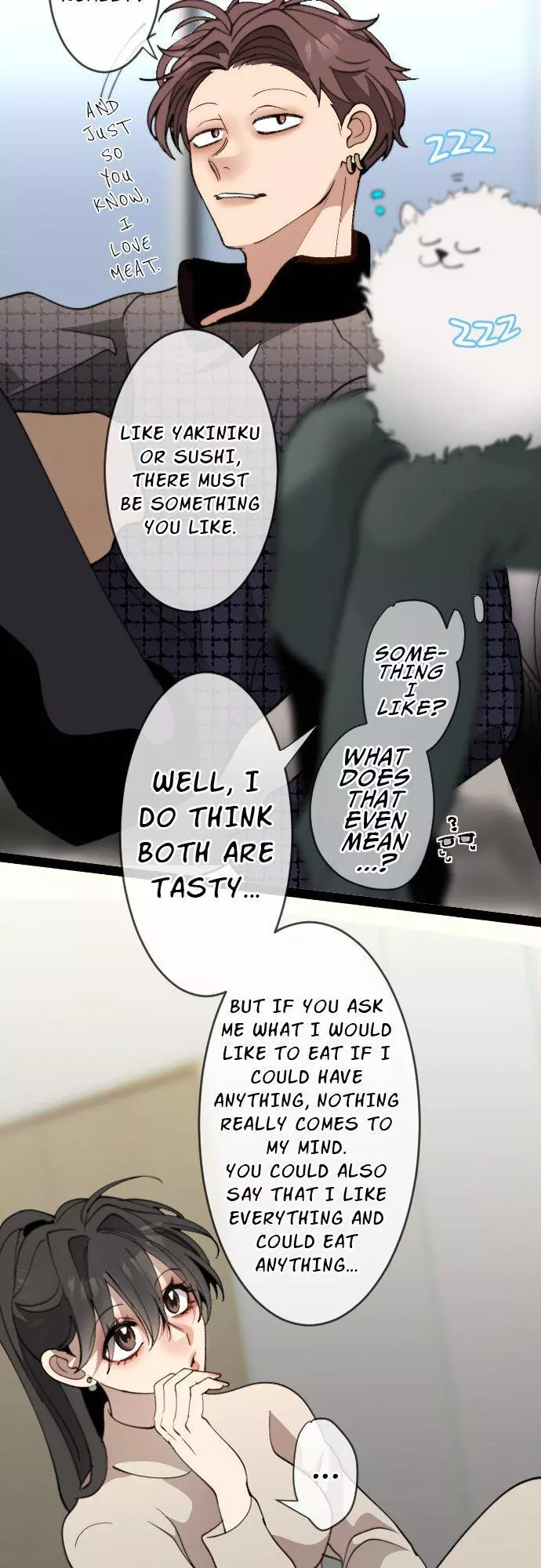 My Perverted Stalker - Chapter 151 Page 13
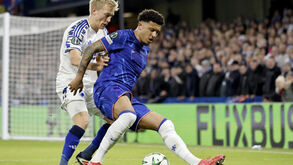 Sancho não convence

+===+

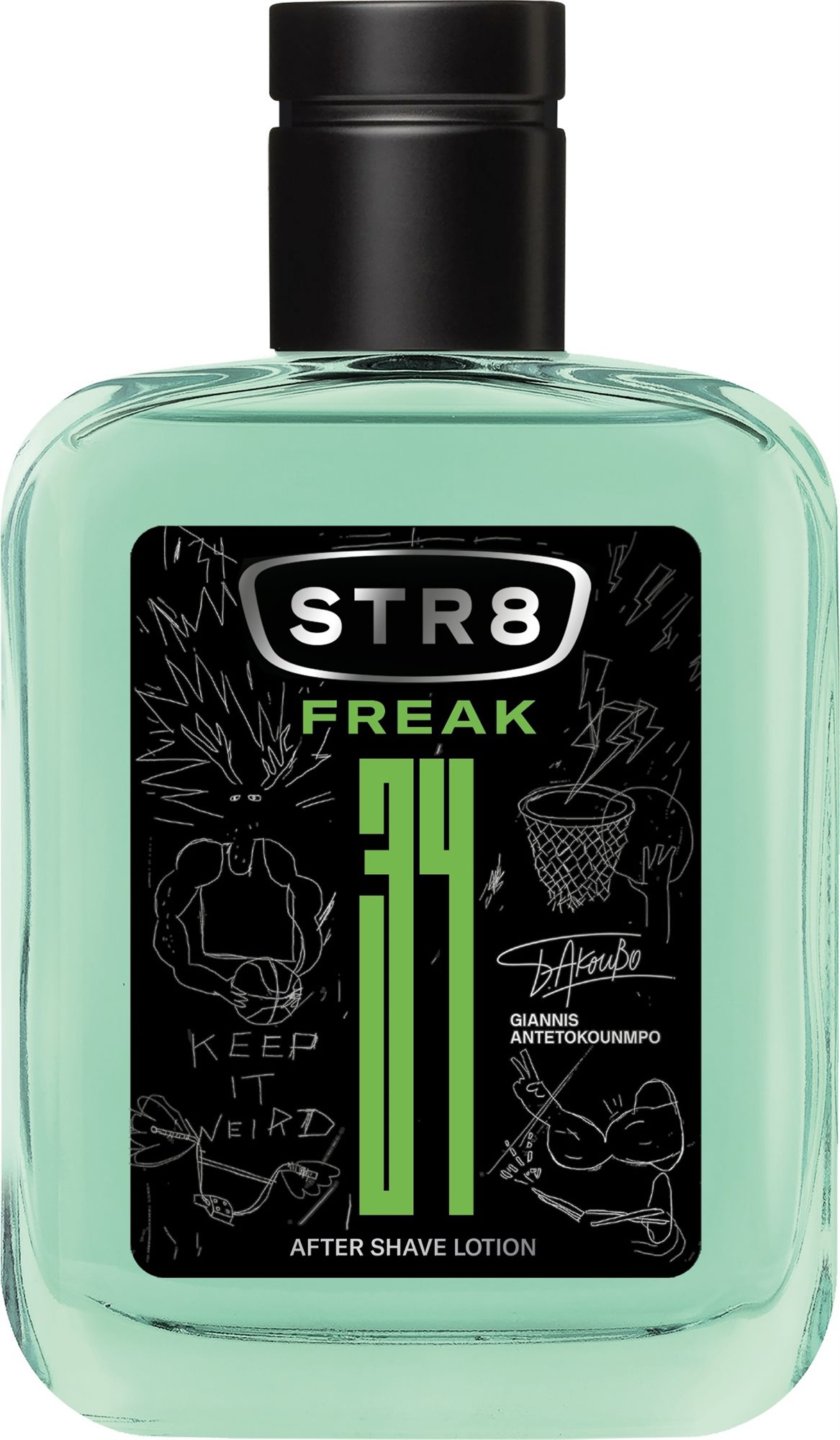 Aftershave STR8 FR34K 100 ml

+===+

:: TASK DESCRIPTION ::
Within the listing above, the stretch from the line with "My Perverted Stalker - Chapter 151 Page 13" down to the line with "Sancho não convence" is to be given again exactly, end lines included and pictures excluded.

:: EXERCISE SOLUTION ::
 My Perverted Stalker - Chapter 151 Page 13
 Sancho não convence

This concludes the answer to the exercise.